Actually, the subsidy reminds us of what "Fungi" used to shout in those television commercials, "When you play the V.I. Lottery, everybody wins!"
Innovative wins $25 million a year.
The PSC wins. It can claim that it's holding down telephone rates.
And, yes, the public also wins. Were it not for the subsidy, our phone bills would increase. But not double, despite Innovative's claim. If the FCC subsidy were to disappear and Innovative tried to double its rates, there would be public protests of hurricane proportions. Innovative telephone officials might have to flee to the mainland. Maybe to Florida. Would Prosser put them up?
Innovative Telephone is one of the companies operating under the leadership of Innovative Communications Corp. They're all owned by Prosser, and they rarely talk to the media or the public.
We've sometimes wondered if Prosser ate Mars candy bars as a kid. Mars was the most private company in American corporate history. Operating out of a headquarters near Washington, D.C., Mars never said anything to anyone at any time.
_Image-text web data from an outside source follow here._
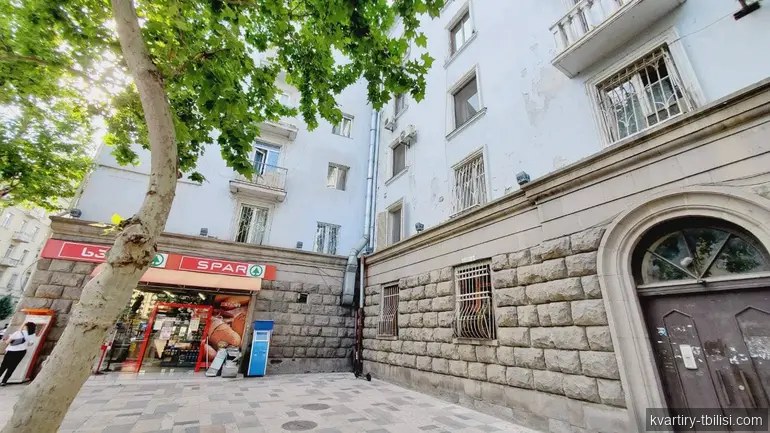 Четырёхкомнатная квартира в Ваке — 1 200 USD/мес | Tbilisi Homes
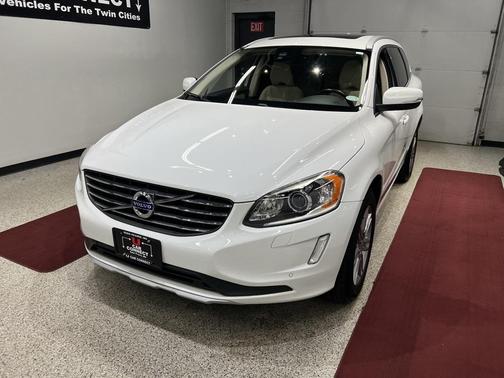 2017 Volvo XC60 T5 Inscription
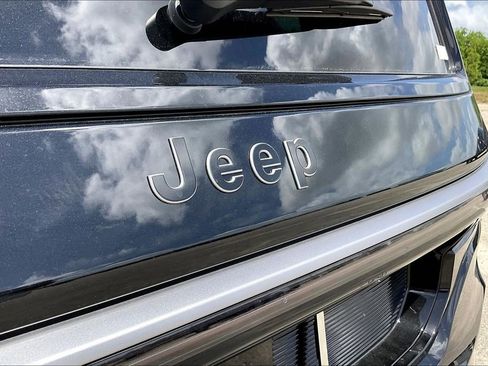 New 2026 Jeep Grand Wagoneer L 4WD w/ Premium Group I image 15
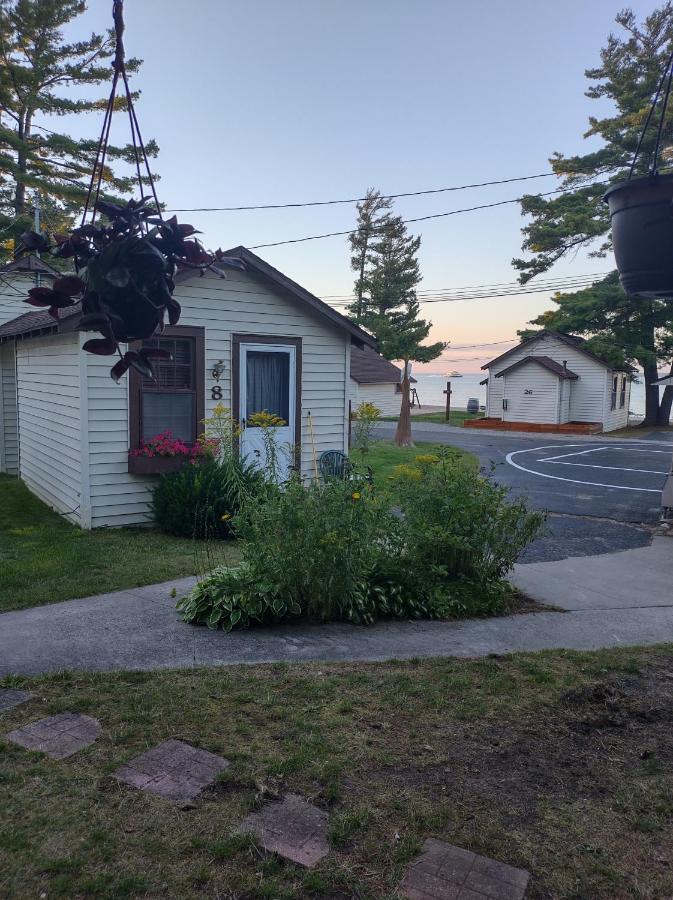 Beach House Lakeside Cottages — photo 12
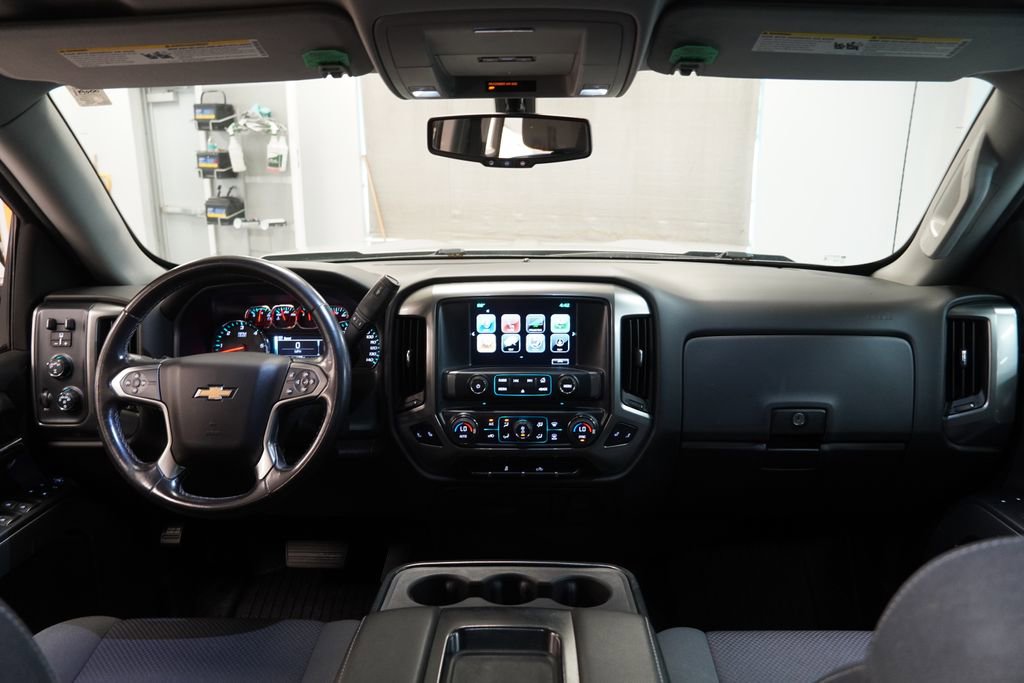 Used 2018 Chevrolet Silverado 1500 LT w/ LPO, Black Pack AWD/4WD image 18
Anyway, Innovative Communications late last week broke its corporate silence by releasing to the press a letter sent to Gov. Charles W. Turnbull.
The three-page letter was a mixture of whiny self pity, public scolding of the governor and his government, and a plethora of grammatical lapses usually not associated with corporations at the top of their game.
About the grammatical errors, we will say only that they must have produced grimaces among the copyeditors of The Virgin Islands Daily News, one of the companies that reports to ICC.
The letter asked Turnbull to relieve Innovative Telephone of the responsibility for collecting the $1-a-month surcharge for emergency services from telephone subscribers.
"This company has been subjected to attacks, misrepresentations and outright lies regarding the role we play as merely a conduit to collect these monies for the government," wrote Holland L. Redfield II, ICC's vice president for corporate affairs.
"Let me add that this is the very environment that leads to the perception that government is anti-business," Redfield, a former senator, admonished Turnbull.
Redfield implies that Turnbull's government isn't being nice to Innovative. Not true. Turnbull's PSC had to be ordered by the Legislature to undertake an investigation of Innovative Telephone's rate structure. Now, reluctantly, slowly, the members of our Public Services Commission are under way with the investigation.
If they want to perform a real public service, they should demand to know what Innovative Telephone did with the $600 million in loans.
And then tell all of us.

Editor's note: Frank J. Jordan is a radio commentator in the Virgin Islands and a former UVI journalism professor.